Speaking of me as an AI team lead, finding the right talent is currently one of my toughest challenges. There is a lot of enthusiasm and excitement for AI, but it is challenging to learn and master AI application design to a level that is needed for a senior position in a fast-paced company like Cognigy. Hiring a jack of all trades, a top AI-scientist with a track record of AI application development is close to impossible.

 

What do you recommend to students aiming for a career in AI?

To me, a real passion for AI is the best foundation for an AI career. It is absolutely fascinating to see how these man-made machines work, what they are capable of and what their potential is. My advice: Follow your passion to understand the technology in-depth and how you can leverage the power it may yield. Build things. Combine the learner’s spirit of “starting from scratch” with a good dose of practical accomplishment and result orientation.

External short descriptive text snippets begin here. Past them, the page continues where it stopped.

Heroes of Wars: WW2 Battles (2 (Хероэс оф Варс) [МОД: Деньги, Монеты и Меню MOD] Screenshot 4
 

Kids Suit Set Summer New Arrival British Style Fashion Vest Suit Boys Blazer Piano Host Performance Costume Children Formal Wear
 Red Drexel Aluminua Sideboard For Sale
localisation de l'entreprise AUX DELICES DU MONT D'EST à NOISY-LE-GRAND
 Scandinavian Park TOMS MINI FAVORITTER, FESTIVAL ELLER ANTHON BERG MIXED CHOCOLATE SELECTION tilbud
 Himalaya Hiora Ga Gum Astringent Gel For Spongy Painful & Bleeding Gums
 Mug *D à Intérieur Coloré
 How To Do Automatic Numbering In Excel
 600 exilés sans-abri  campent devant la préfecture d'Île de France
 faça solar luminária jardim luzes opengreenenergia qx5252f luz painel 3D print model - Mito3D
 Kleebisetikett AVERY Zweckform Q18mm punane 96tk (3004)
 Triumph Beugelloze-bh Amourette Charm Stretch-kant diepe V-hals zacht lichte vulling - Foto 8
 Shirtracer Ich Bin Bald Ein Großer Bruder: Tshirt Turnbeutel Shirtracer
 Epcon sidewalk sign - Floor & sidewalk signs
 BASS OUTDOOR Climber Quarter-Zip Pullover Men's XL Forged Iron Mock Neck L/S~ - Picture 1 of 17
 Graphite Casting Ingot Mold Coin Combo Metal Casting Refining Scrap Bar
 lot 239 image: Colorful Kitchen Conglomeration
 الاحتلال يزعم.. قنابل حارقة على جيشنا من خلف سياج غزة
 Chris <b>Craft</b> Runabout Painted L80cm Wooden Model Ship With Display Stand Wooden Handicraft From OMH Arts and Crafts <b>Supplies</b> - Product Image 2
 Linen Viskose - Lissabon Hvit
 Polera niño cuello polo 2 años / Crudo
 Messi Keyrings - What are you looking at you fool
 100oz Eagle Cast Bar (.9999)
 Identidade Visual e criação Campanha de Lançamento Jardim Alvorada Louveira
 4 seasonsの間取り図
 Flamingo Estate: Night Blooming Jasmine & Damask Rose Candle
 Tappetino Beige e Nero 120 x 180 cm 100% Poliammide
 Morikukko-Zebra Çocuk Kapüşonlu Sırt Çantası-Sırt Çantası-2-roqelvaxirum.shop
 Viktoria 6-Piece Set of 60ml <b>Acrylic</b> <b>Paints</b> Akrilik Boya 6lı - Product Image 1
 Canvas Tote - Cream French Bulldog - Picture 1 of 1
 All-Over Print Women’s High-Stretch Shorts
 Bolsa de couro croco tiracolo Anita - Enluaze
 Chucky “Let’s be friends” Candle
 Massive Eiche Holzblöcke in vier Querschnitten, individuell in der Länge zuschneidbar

An advanced degree in a technical field certainly helps to get your foot in the door. At a minimum, sit in a few seminars with top researchers in the field and witness what human minds can do. All of this helps to appreciate how little you understand and how deep the rabbit hole of AI research really is. My take: Combine academic and theoretical approaches with hands-on building and prototyping to experience, learn and understand what AI can do. And be confident that there has never been a greater time for a career in AI.